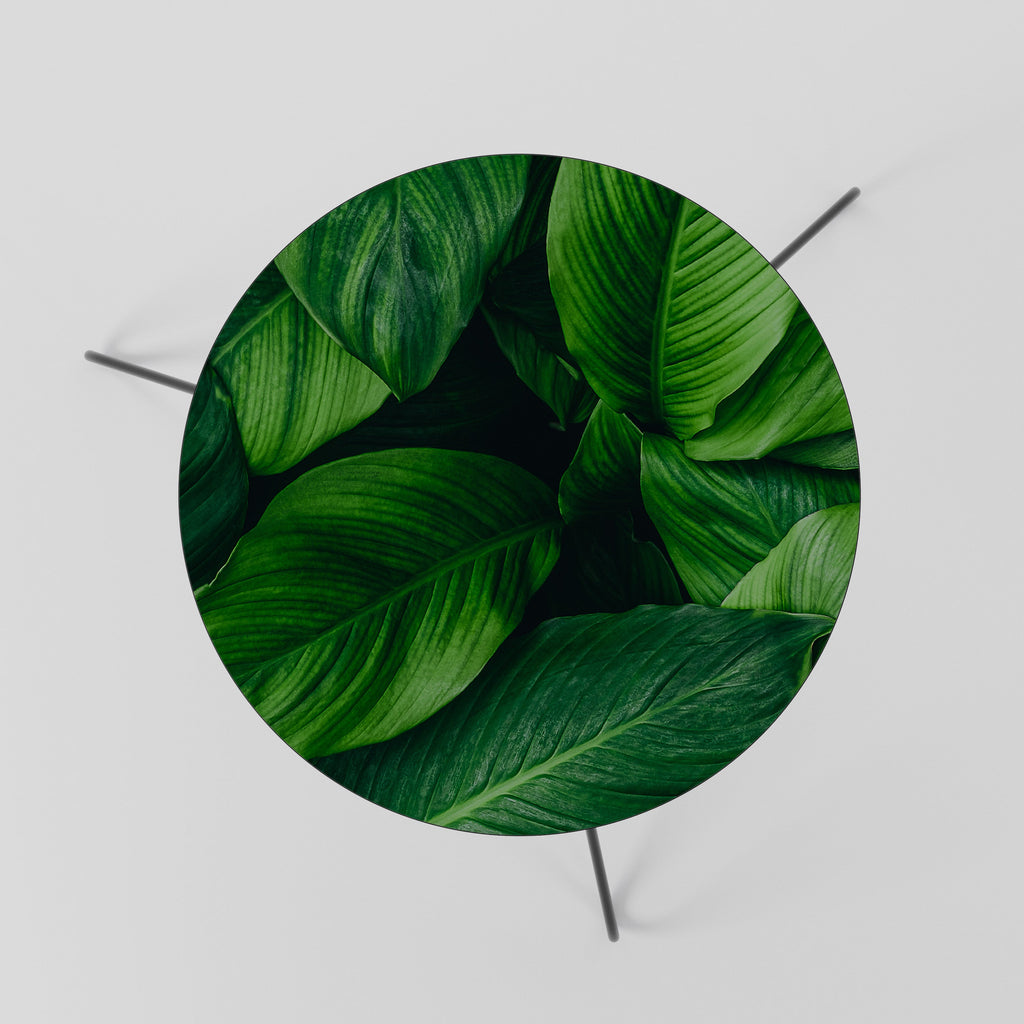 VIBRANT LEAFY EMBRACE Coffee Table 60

--

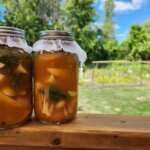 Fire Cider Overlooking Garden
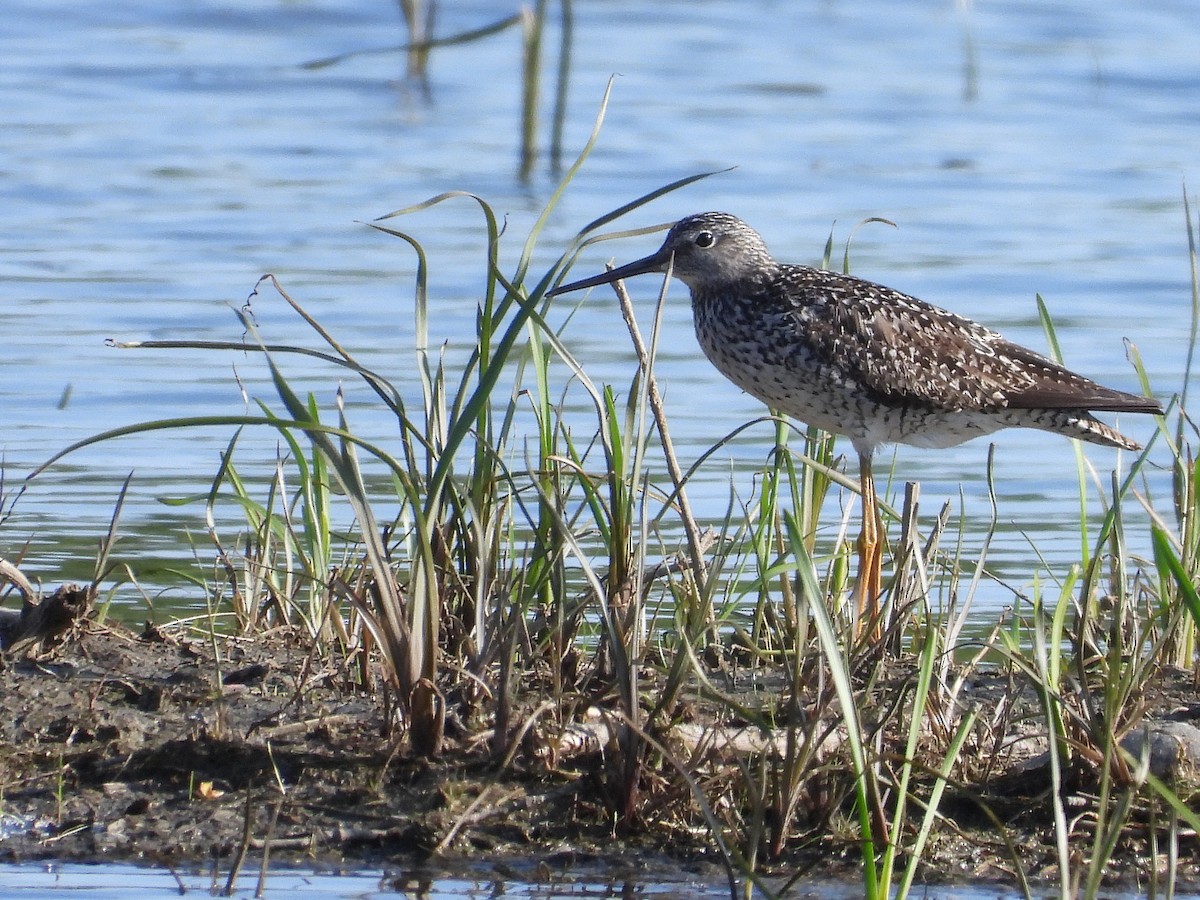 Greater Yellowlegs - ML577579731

ACTIVITY
What is needed is an exact copy of the lines above from the one with "Fire Cider Overlooking Garden" to the one with "Greater Yellowlegs - ML577579731", both ends kept, and nothing more; please leave the pictures out.

OUTPUT OF THE TASK
 Fire Cider Overlooking Garden
 Greater Yellowlegs - ML577579731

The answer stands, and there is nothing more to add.